El caso tomó mayor dimensión después de que, en los operativos posteriores, agentes localizaran una “mini granja de bots” en funcionamiento y vehículos oficiales presuntamente asignados a la administración pública boliviana. Esos hallazgos refuerzan la línea de investigación sobre posibles esquemas coordinados y eventuales tramas de corrupción, y colocan el foco en la necesidad de controles institucionales más estrictos ante la mezcla entre aparato público, propaganda y operaciones de influencia. RTVE sitúa además a Cerimedo dentro de una red regional articulada desde su agencia Numen Publicidad y el portal La Derecha Diario, con conexiones políticas y mediáticas que apuntan al entorno de Estados Unidos, particularmente en Miami, y referencias al ecosistema de Brad Parscale.

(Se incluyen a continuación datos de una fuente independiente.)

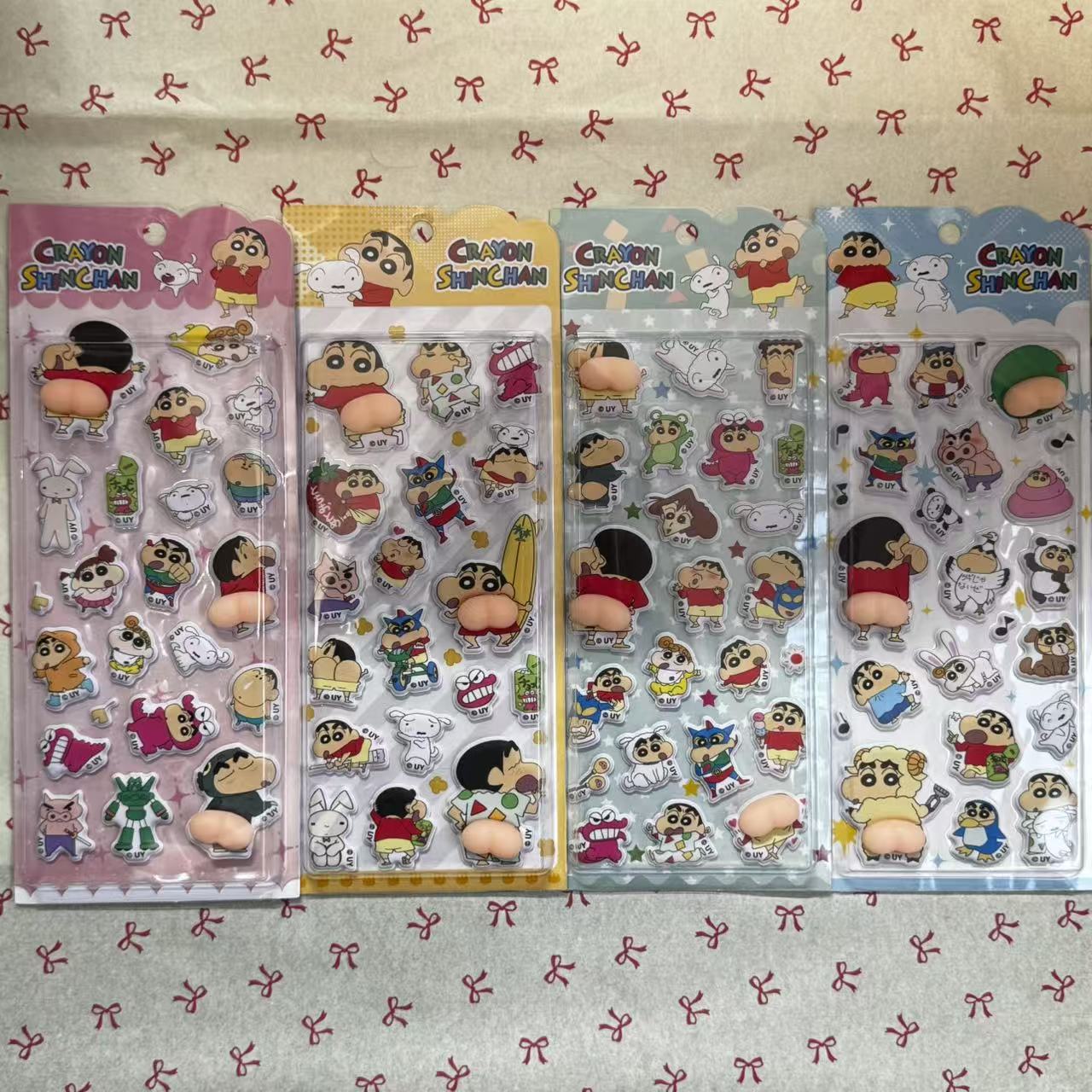 Crayon Shin-chan | Squishy Stickers (4 types, shipped randomly)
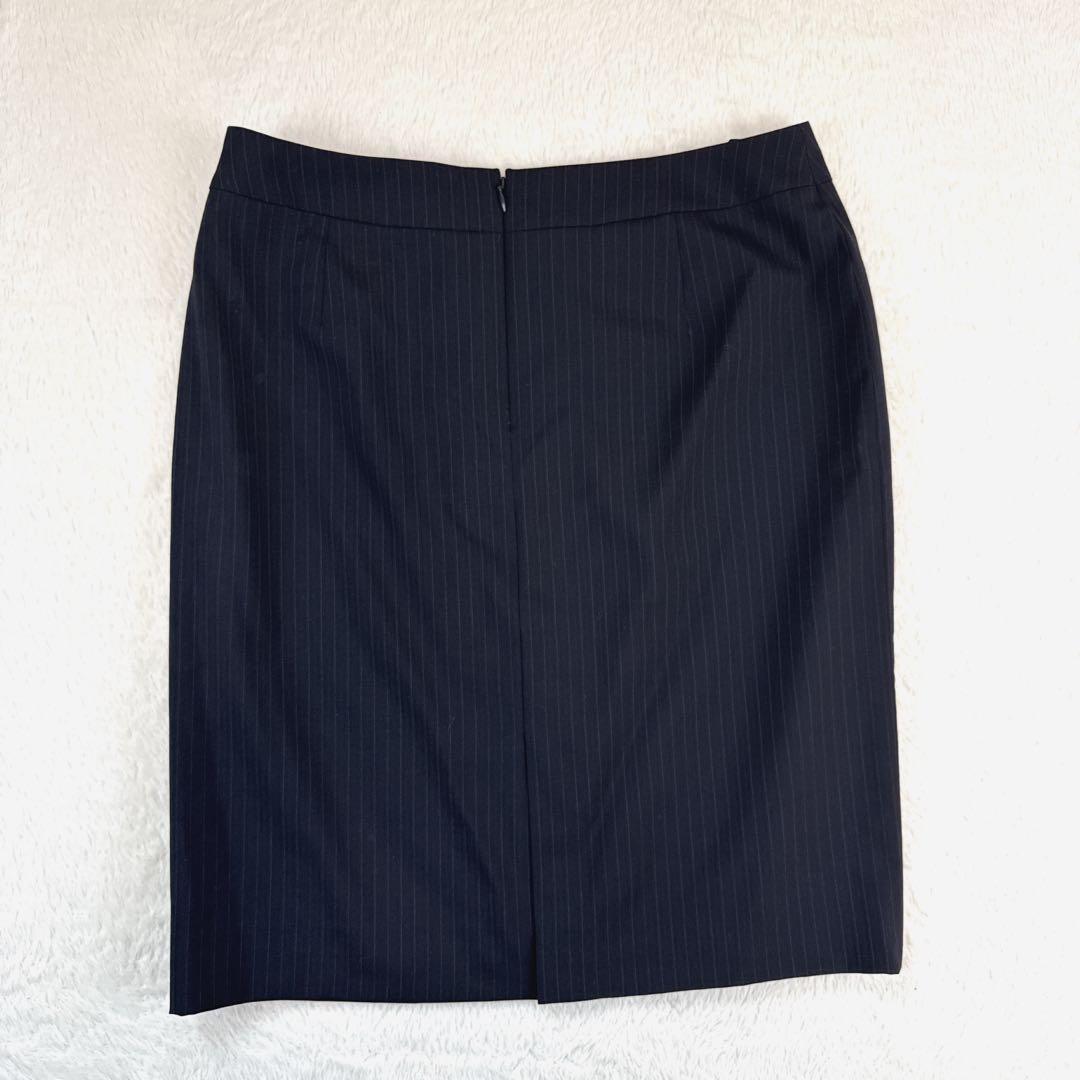 極美品　I.M.G.N　洋服の青山　レディーススーツ　大きいサイズ　ネイビー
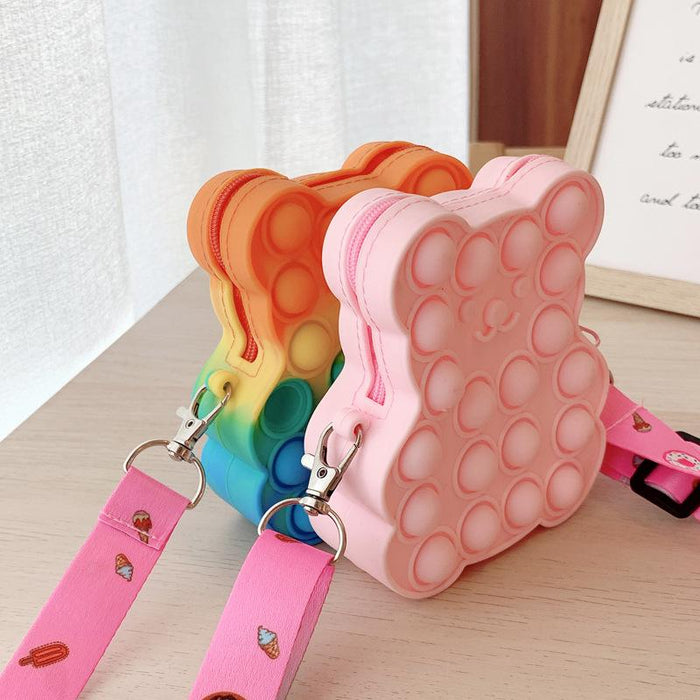 Children's bear soft silicone decompression toy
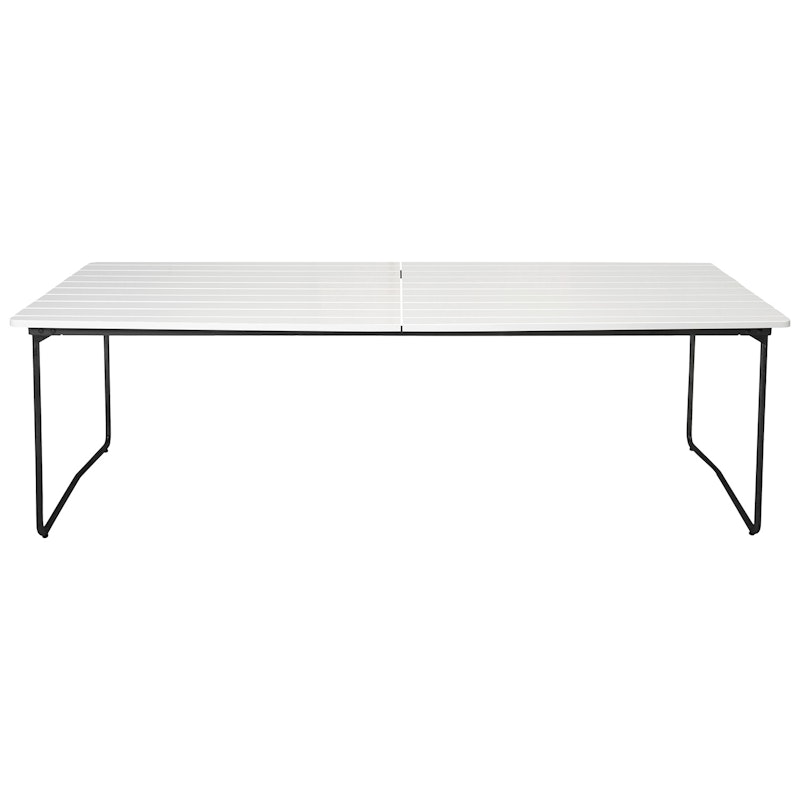 B31 Bord 92x230 Cm, Vitlackerad Ek / Svart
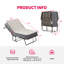 Lit double pliant avec matelas en mousse à mémoire de forme de 5 po et roues verrouillables-1402969058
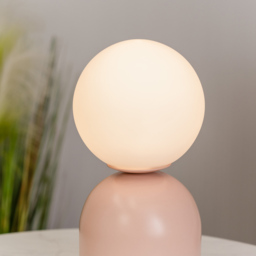 ValueLights Marlow Pink Rechargeable LED Portable Table Lamp - Wilko - thumbnail 6
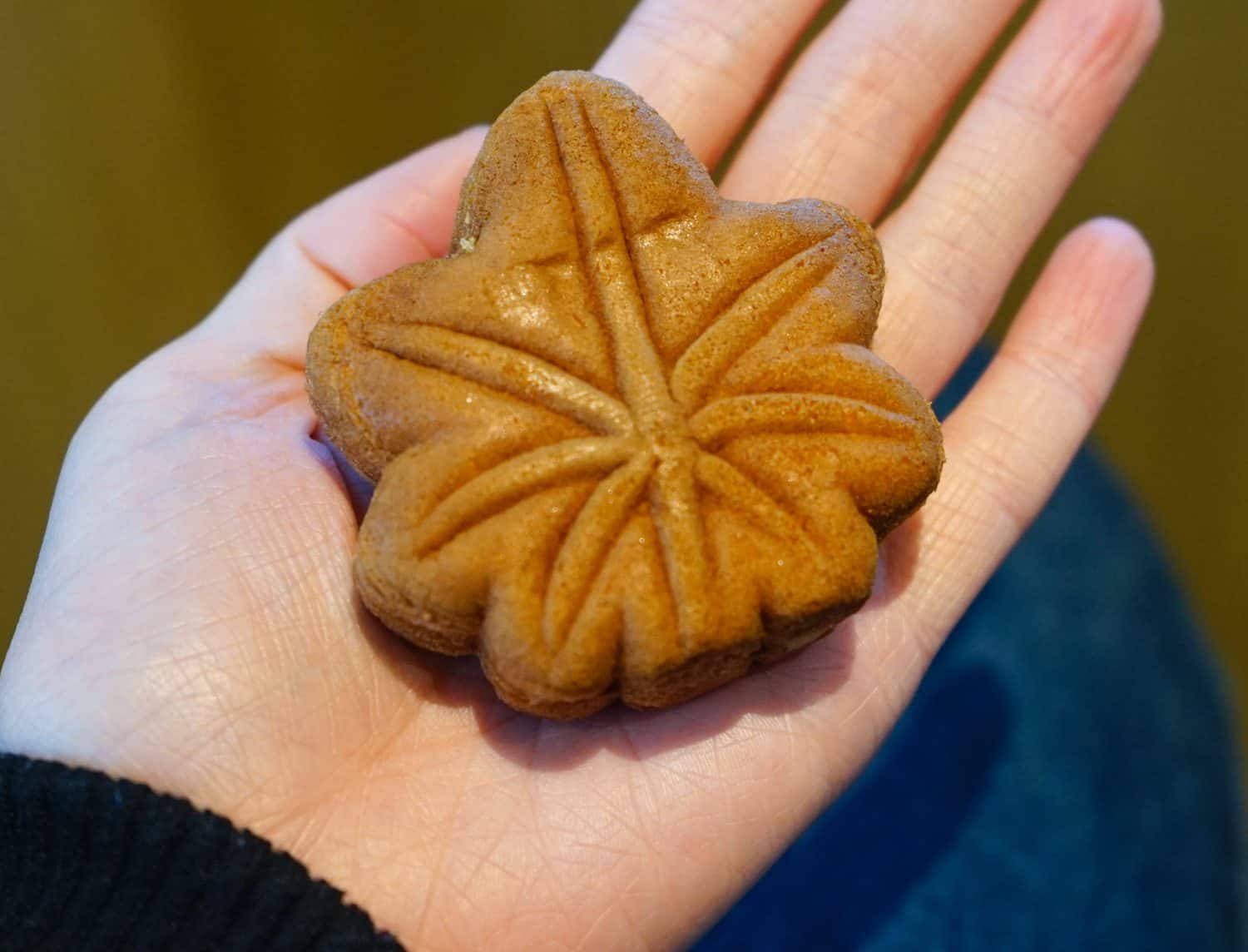 Momiji manju in Miyajima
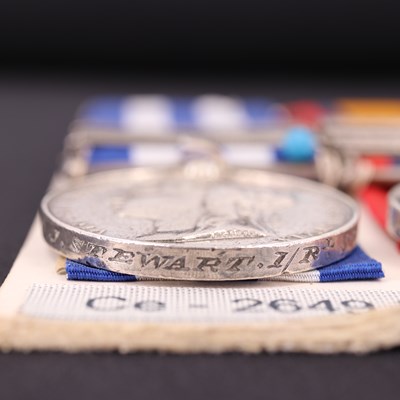 Lot 87 - An Egypt medal with two clasps, a Queen's...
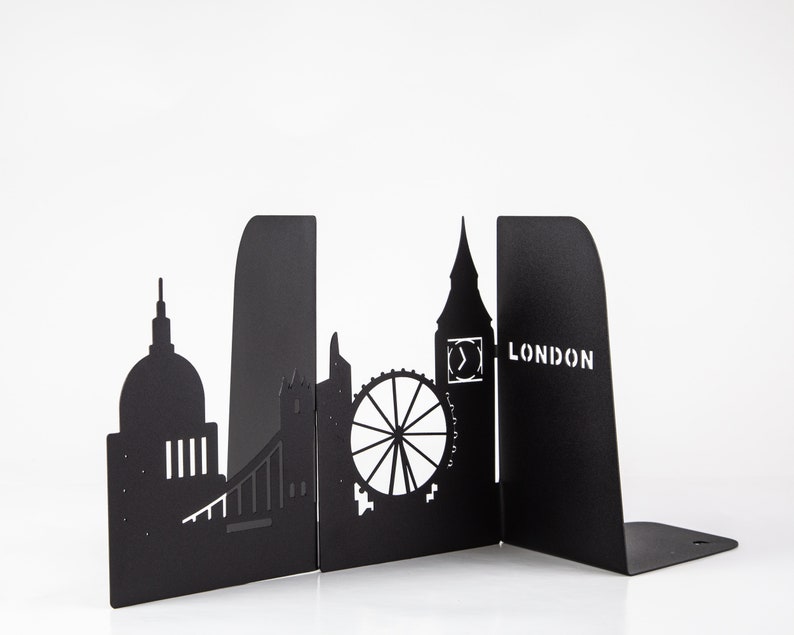 Metal Bookends London / UK Loving Reader // City Scape // Etsy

En ese contexto, el episodio trasciende Bolivia: también funciona como advertencia para el gobierno dominicano y para cualquier proyecto que pretenda sustituir institucionalidad por viralidad, porque el contraste entre discurso y realidad vuelve a mostrar que la comunicación digital sin rendición de cuentas puede derivar en opacidad, manipulación y desgaste de la vida pública.